Cuesta no escribir todos los días sobre Palestina. Estar pendiente de trifulcas domésticas o de frivolidades deportivas cuesta, porque en el fondo piensas que no hay nada más trascendente que hacerse eco de la ignominia, de los casi 30.000 muertos desde el 7 de octubre, del más de un millón de desplazados, arrinconados en Rafá, objetivos ahora de una especie de ataque definitivo y, en el mejor de los casos, víctimas de un viaje hacia ninguna parte, rodeados, sometidos. Cuesta y, al mismo tiempo, piensas que no dirás nada nuevo, que solo queda la opción de un grito que roza la mudez, que solo es expresivo por el gesto, por la sujeción a un imperativo de orden moral.
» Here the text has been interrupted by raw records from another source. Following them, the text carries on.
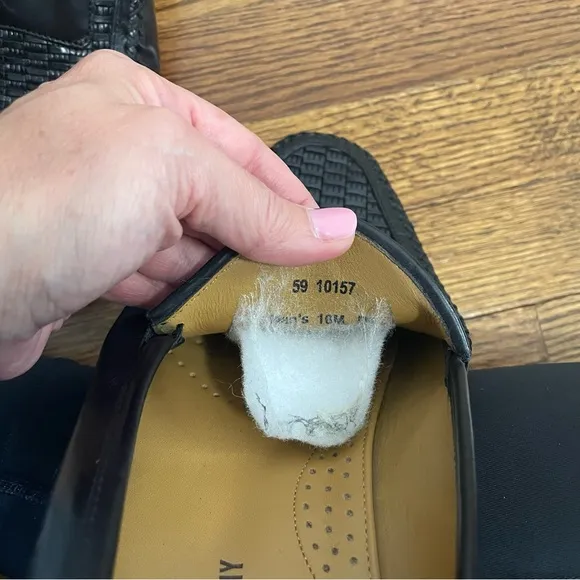 Johnston &amp; Murphy Men's Black Loafer Dress Shoe Size 10M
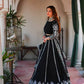 Embroidered Velvet Lehenga Set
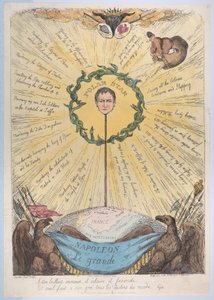 Napoléon Le Grand, 2 décembre 1813 - Thomas Rowlandson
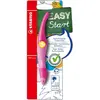 Stylo roller rechargeable Stabilo Easy Original Gauche Rose
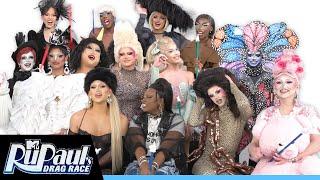 The Cast of RuPaul's Drag Race Season 17 Plays Who's Who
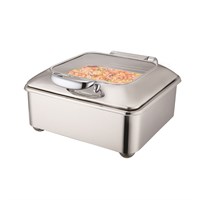 Мармит электрический 5,5 л 2/3*65 с откидной крышкой и окном 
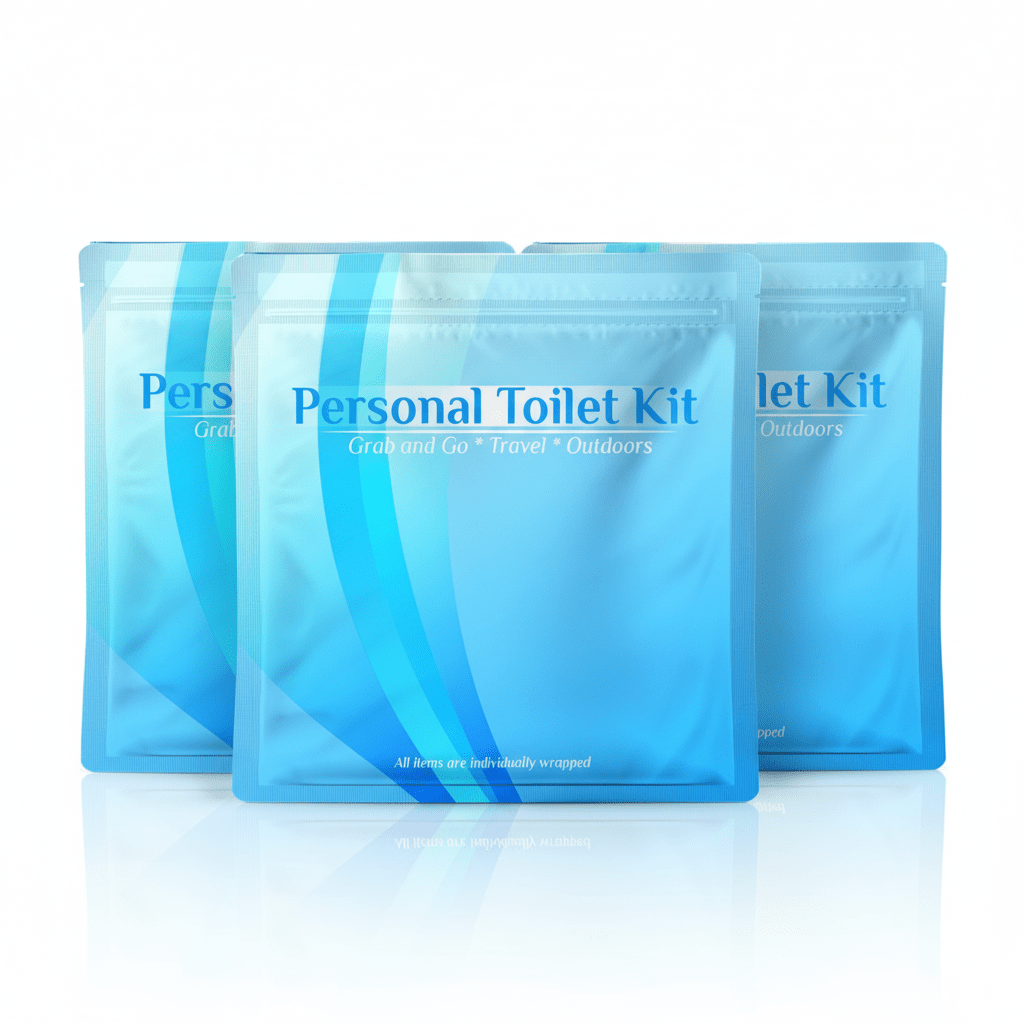 Blue Toilet Kit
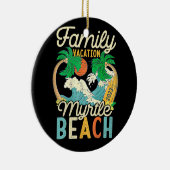 Myrtle Beach Family Vacation 2023 Matching Retro C Keramisch Ornament (Rechts)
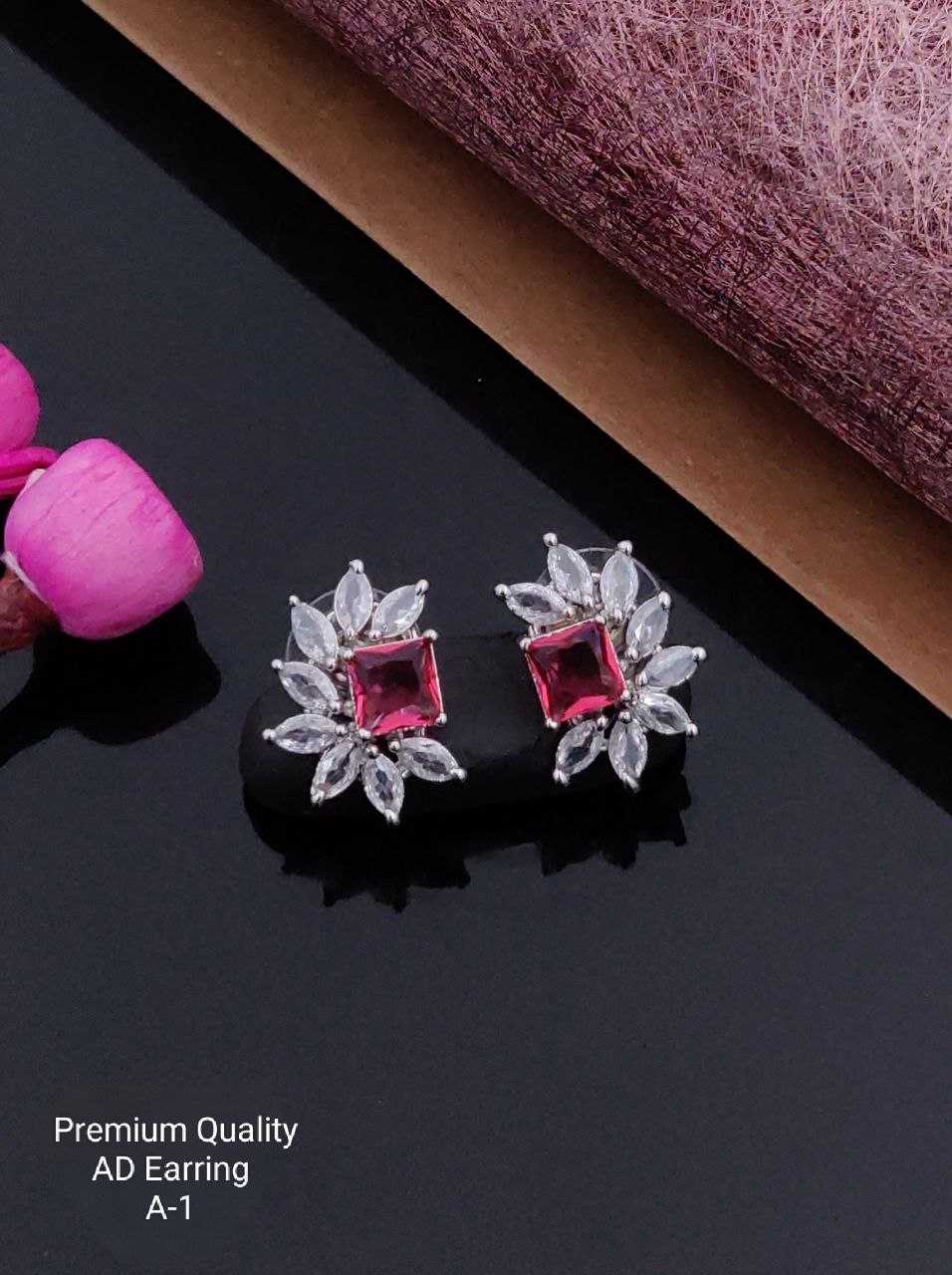 Ynf Brass KESH193 Womens Jewellery Wholesale Fancy Earrings AD Diamond Earring Artificial Earring Manufacturer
Cada nueva noticia, cada una de las informaciones sobre niños asesinados, sobre soldados israelís que demuestran prepotencia y que incluso ríen las gracias de un compañero que se jacta de haber hecho diana con la lanzadera de proyectiles contra un edificio medio en ruinas, cada episodio del conflicto, de la guerra, es un guantazo a las conciencias, incapaces como somos de entender cómo se puede llegar a unos niveles tan elevados de mezquindad, como se puede configurar con el horror la necesidad de la existencia. No podemos olvidar esta necesidad de Israel (ni las barbaridades perpetradas ese 7 de octubre), pero cada día es más nítido el propio proceso de destrucción (no sólo de los fundamentos éticos, sino también de los políticos) que ha generado la ofensiva militar.
[–>Escribo este papel todavía impresionado por la lectura de un artículo de Adania Shibli, poco después de que ella supiera que se había “aplazado” la concesión del LiBeraturpreis, en el marco de la Feria de Frankfurt. La escritora palestina habla de la historia de una serpiente y un erizo. La serpiente, “debido al hambre y al instinto de supervivencia” se traga el erizo. Este, “saca los pinchos y se intenta escapar”. El cuento, que es una historia real, termina con el erizo y la serpiente muertos. Shibli no se atreve a convertir la fábula en una metáfora, pero dice que la relaciona con “la propia desesperanza y vacío”. Dejo a la consideración del lector quién es cada uno en ese relato de necesidades. Solo queda claro el desenlace: ambos mueren. Shibli, que proviene de una familia beduina con más de mil años de historia, arraigada en Palestina, jugaba de pequeña en un campo de olivos. Su familia fue perdiendo todas sus propiedades. Ella, ahora exiliada, teme perder el lenguaje, la posibilidad de entender lo que ocurre a través de la palabra. Si esto se desvanece, todo se va al garete. Es el fin.
Pienso en Adania Shibli y al mismo tiempo tengo el recuerdo de la sentencia inconcebible del Tribunal Internacional de Justicia, cuando se limitó a decir a Israel que debía tomar “las medidas a su alcance para evitar un genocidio”, sin exigir el alto el fuego. Aquellas palabras (“traten de no caer en el genocidio”, venían a decir, “por favor”) que, en definitiva, son como las que ahora escribo. Inútiles lamentaciones, mientras la masacre sigue, imperturbable. El camino hacia la muerte de la serpiente y el erizo.